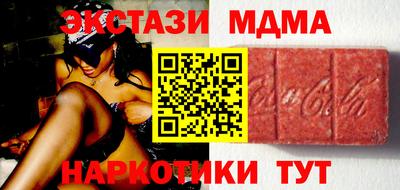 мефедрон VHQ Краснознаменск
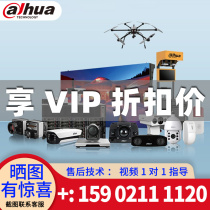 Technology: 159 0211 1120(VIP discounted price after-sales Technology 1 to 1 video guide)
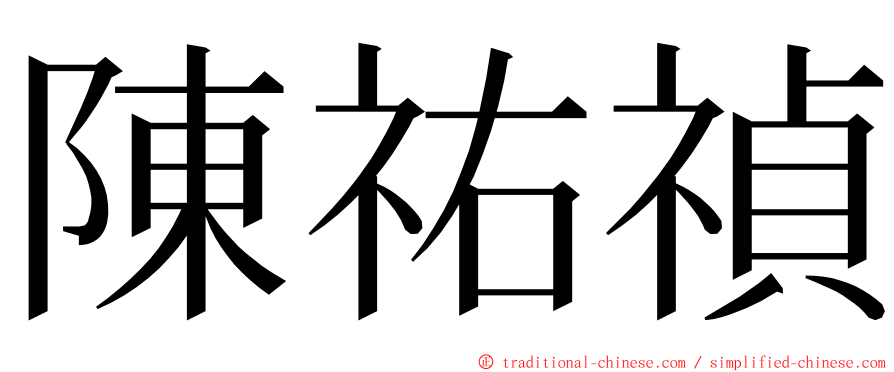 陳祐禎 ming font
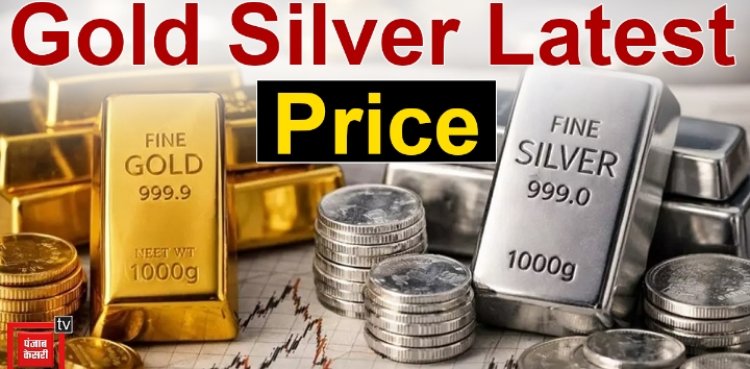 Gold Silver Latest Price: सर्राफा बाजार में फिर तूफान! सोने-चांदी की कीमतों को लेकर आया बड़ा अपडेट, जानिए आज की कीमतें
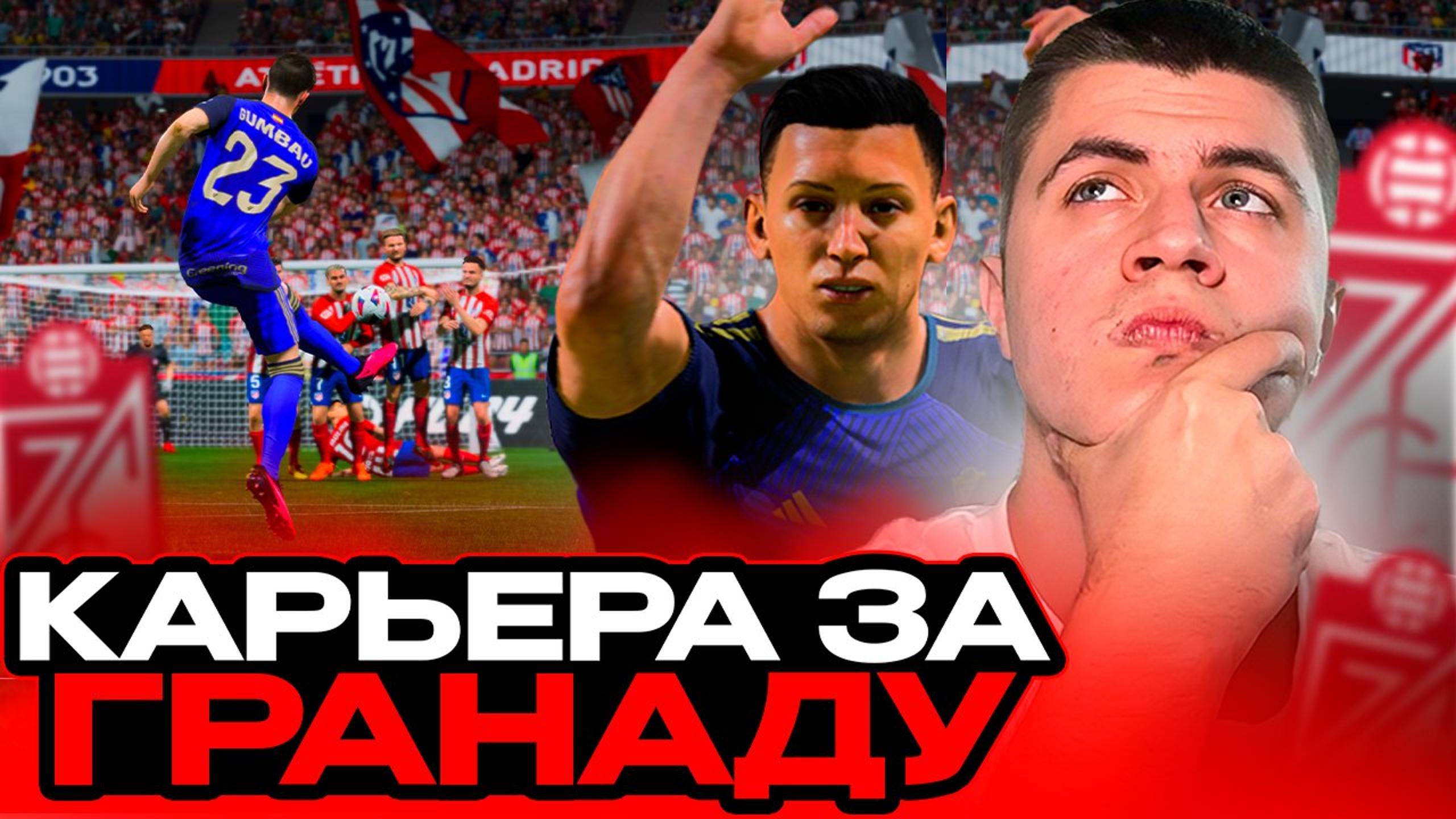 КАРЬЕРА ЗА ГРАНАДУ в FIFA 24 #1 — НОВОЕ НАЧАЛО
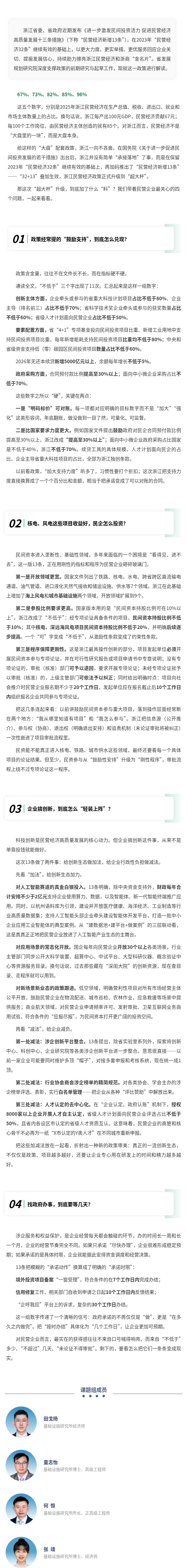政策也能“超大杯”升级？一文了解浙江“民营经济新增13条”.jpg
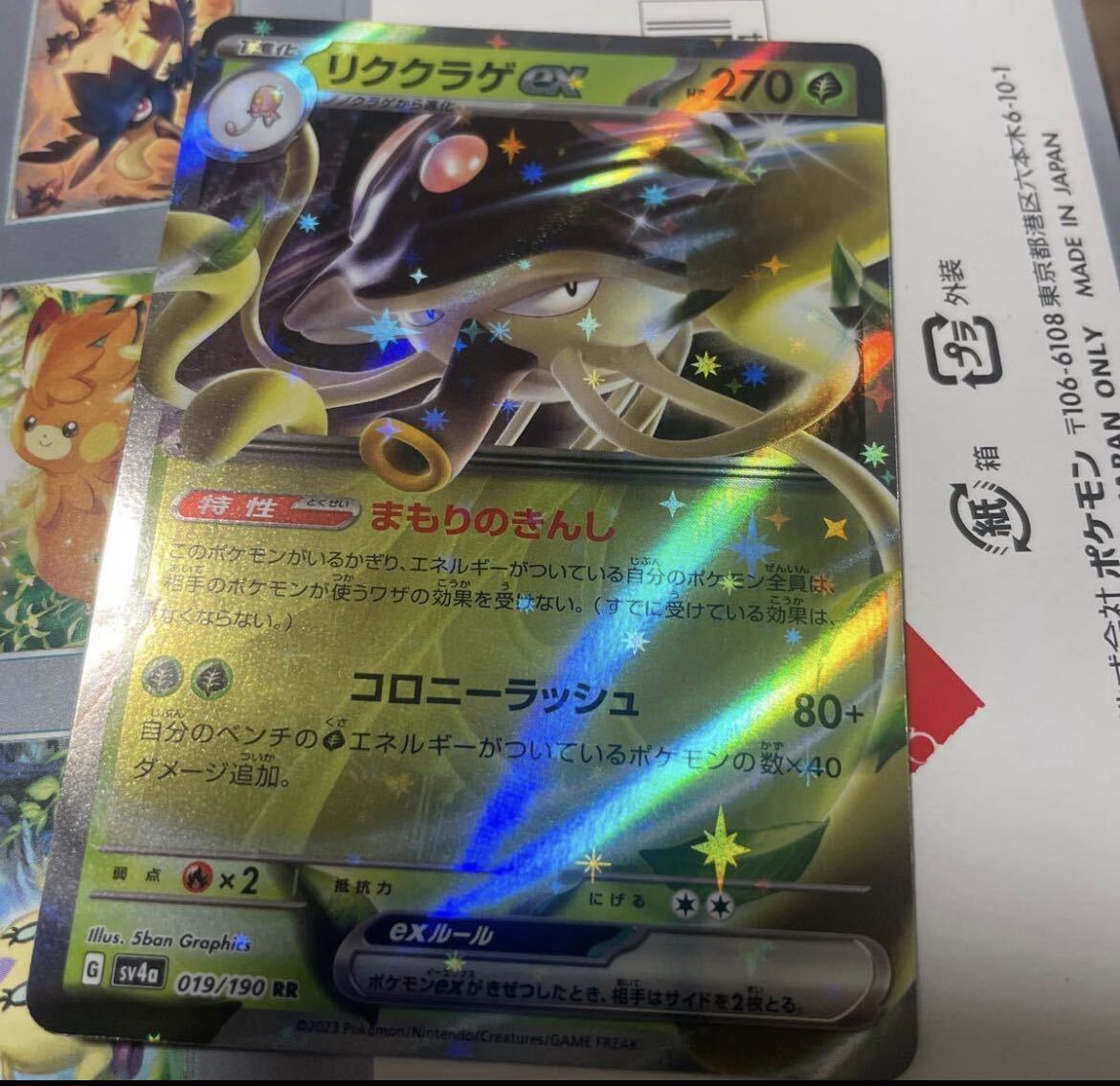 ポケモンカード/ポケカ/リククラゲex(SV4a-019)RR ハイクラス ポケモンカード/ポケカ/リククラゲex(SV4a-019)RR ハイクラス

──────────────────────────────

PROBLEM:
Where a picture appears, omit it, and otherwise retype the material exactly.

THE ANSWER:
 мефедрон VHQ Краснознаменск
 Technology: 159 0211 1120(VIP discounted price after-sales Technology 1 to 1 video guide)
 陳祐禎 ming font
 Gold Silver Latest Price: सर्राफा बाजार में फिर तूफान! सोने-चांदी की कीमतों को लेकर आया बड़ा अपडेट, जानिए आज की कीमतें
 КАРЬЕРА ЗА ГРАНАДУ в FIFA 24 #1 — НОВОЕ НАЧАЛО
政策也能“超大杯”升级？一文了解浙江“民营经济新增13条”.jpg
 ポケモンカード/ポケカ/リククラゲex(SV4a-019)RR ハイクラス ポケモンカード/ポケカ/リククラゲex(SV4a-019)RR ハイクラス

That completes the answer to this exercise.